Up, up and away: the Alberta Court of Appeal sets 9 year starting point for wholesale fentanyl trafficking: R v Felix, 2019 ABCA 458 (CanLII)
In yet another disturbing sentencing decision (R v Felix, 2019 ABCA 458 (CanLII), the Alberta Court of Appeal overturns (in a unanimous 5-member decision authored by Antonio J.A.) a 7-year sentence for wholesale fentanyl trafficking, and imposes instead a 10-year sentence. Luckily for the respondent, the Crown only sought a 10-year sentence – otherwise the Court likely would have imposed a 13-year sentence (see para. 79).
My problems with the decision are not dissimilar from those expressed in my recent post. I should also note that it is both sad and ironic that a 1-year mandatory minimum sentence for possession for the purpose of trafficking was found to be unconstitutional by the Supreme Court – yet a “3-year starting point” for, say, cocaine trafficking in a commercial context “beyond a minimal scale” (how the heck is that defined anyway?) enforced by our Alberta Court of Appeal and therefore binding on all Alberta sentencing courts, and which – in practice – leads to a 2-year minimum (on average, I’d say) sentence for trafficking – somehow that is acceptable?
I’ll add that the following paragraphs from this decision struck me as particularly problematic:
 Fentanyl trafficking has created a crisis in Alberta, as in the rest of the country. It falls to the courts to protect the public by imposing sentences that will alter the cost-benefit math performed by high level fentanyl traffickers. […]
 As for all drug trafficking, particularly where there is any degree of sophistication, primacy must be given to denunciation and deterrence. Participation in a trafficking network is a calculated decision, premised on the ability to reap gains that outweigh any costs. This is precisely the type of crime for which deterrence may be most effective.
This despite debate whether harsh sentencing actually operates as a deterrent. It would be nice if our Court of Appeal would rely on evidence to support its belief in the deterrent effect of its decisions, rather than just assume it. See, for example, Clayton Ruby et al. in Sentencing: 9th edition (available with QuickLaw subscription here):
§1.27 Notwithstanding the lack of evidence to support the proposition that individual conduct is affected by sentencing, general deterrence remains at the heart of adult sentencing practice.4 It is a reversible error to suggest that there must be evidence that a particular sentence would accomplish deterrence. Nor, in light of the language of section 718(b) of the Criminal Code, is it open to a sentencing judge to conclude that general deterrence is irrelevant or ineffective.5 In fact, for some offences, such as producing counterfeit money and trafficking or importing narcotics, courts have held that general deterrence ought to be the primary goal of sentencing.6 General deterrence as a principle of sentencing always acts to increase the penalty; it never mitigates sentence.7 The concept, despite criticism, survives.

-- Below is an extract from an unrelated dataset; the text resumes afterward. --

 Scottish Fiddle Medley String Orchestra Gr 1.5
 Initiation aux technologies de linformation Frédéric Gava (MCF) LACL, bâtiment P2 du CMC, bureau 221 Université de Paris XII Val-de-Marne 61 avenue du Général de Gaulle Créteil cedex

It is sometimes argued that deterrence — and sentencing offenders to jail — does not do any good because it does not help the individual offender and further that, despite jailing offenders, we still have crime in our society . … [B]y including general deterrence as one of the sentencing objectives in the Code, Parliament has ended any dispute about its validity.8 [Quoting R. v. Arcand, 2010 ABCA 363 (CanLII), at para. 277.]
True, crime survives, but there is no evidence that imprisonment beyond immediate and expensive incapacitation has any beneficial effect commensurate with its cost.9
§1.28 What evidence there is suggests that it is the certainty of conviction rather than the severity of sentence that constitutes the deterrent factor in criminal law. This assertion was questioned by Schultz J.A. of the Manitoba Court of Appeal in Iwaniw; Overton.10 Schultz J.A. made the following comment in an attempt to justify the standard proposition that harsher sentences effectively reduce the crime rate. However, it raises an interesting problem about the validity of deterrence generally:
… those contemplating potential crimes are not concerned with the question of conviction to anything like the same extent [as the severity of punishment]; for what criminal ever plans a crime thinking he will be caught?11
§1.29 Our courts continue to depend on theories of general deterrence in practice. The Alberta Court of Appeal is not prepared to tolerate what they refer to as “the sentencing judge’s subjective doubts about [the] general efficacy” of general deterrence.12 […]
§1.32 Similarly, in Gladue, Cory and Iacobucci JJ. held that although imprisonment is intended to serve the goals of separation, deterrence, denunciation and rehabilitation, “there is widespread consensus that imprisonment has not been successful in achieving some of these goals”.18 In view of its extremely negative collateral effects — “educating less experienced, less hardened offenders to be more difficult and professional criminals”19 — imprisonment “should be used with great restraint where the justification is general deterrence”.20 General deterrence, as a justification for imprisonment where a conditional sentence is available, should be “reserved for those offences that are likely to be affected by general deterrent effect”,21 for example, large‑scale well-planned fraud by persons in positions of trust.
Although Felix quotes and purports to follow R. v. Lacasse, 2015 SCC 64 (CanLII),  3 SCR 1089, a quick reading of Lacasse suggests that Felix does not follow binding Supreme Court of Canada authority on sentencing. Perhaps an Alberta Court of Appeal sentencing decision will finally make it all the way to the Supreme Court of Canada (more recently than R. v. McDonnell, 1997 CanLII 389 (SCC), which interestingly was a 5-4 decision overturning an Alberta Court of Appeal decision which CJ Fraser wrote, and for which Berger J.A. wrote the dissenting opinion)? I’ll remain optimistic.